Ulteriore conferma sulle responsabilità israeliane arriva dal patriarcato greco-ortodosso di Gerusalemme, che accusa le forze armate israeliane di aver colpito la chiesa: “Condanniamo con la massima fermezza il bombardamento israeliano contro la nostra chiesa a Gaza”, aggiugendo che “non abbandonerà il suo dovere religioso e umanitario” di fornire assistenza. Nel testo si denuncia che “colpire le chiese e le loro istituzioni insieme con rifugi che garantiscono protezione a civili innocenti, in particolare donne e bambini che hanno perso le loro case a causa dei bombardamenti israeliani in aree residenziali negli ultimi 13 giorni, costituisce un crimine di guerra che non può essere ignorato“.
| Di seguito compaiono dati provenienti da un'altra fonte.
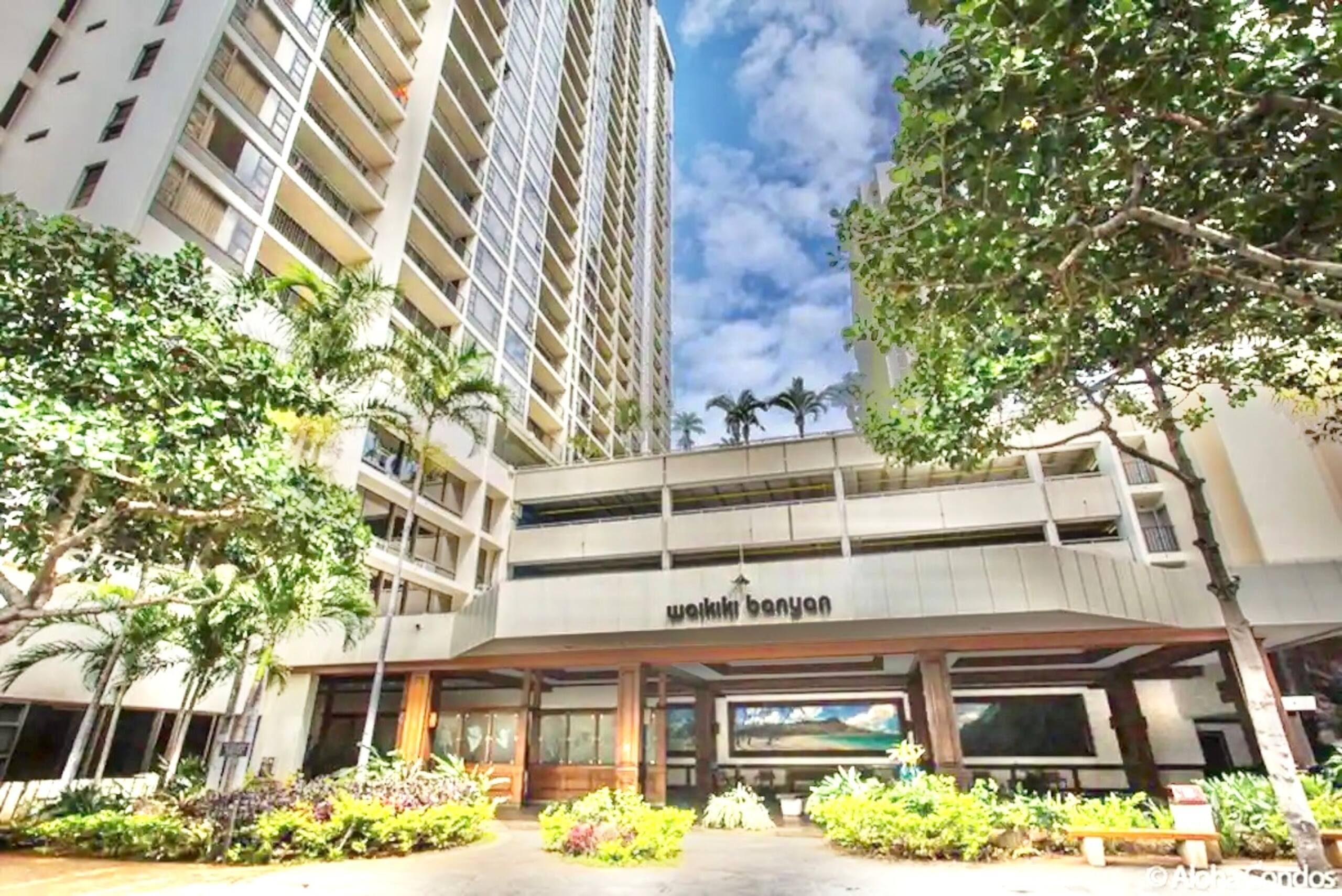 Upscale Modern Waikiki Banyan 1BR Condo w/Parking! - Image 45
Un sopravvissuto ha dichiarato alla televisione araba Al Jazeera del Qatar che non c’era stato alcun avvertimento da parte dell’esercito israeliano prima dell’esplosione. Secondo Wafa il bilancio dell’operazione è di almeno otto morti e decine di feriti. Gravi sarebbero inoltre i danni materiali, in particolare alla sala del Consiglio pastorale, che sarebbe stata completamente distrutta. “Nell’area si erano rifugiate anche persone cristiane“, ha denunciato all’agenzia dire suor Nabila Saleh, missionaria egiziana che si trova in città.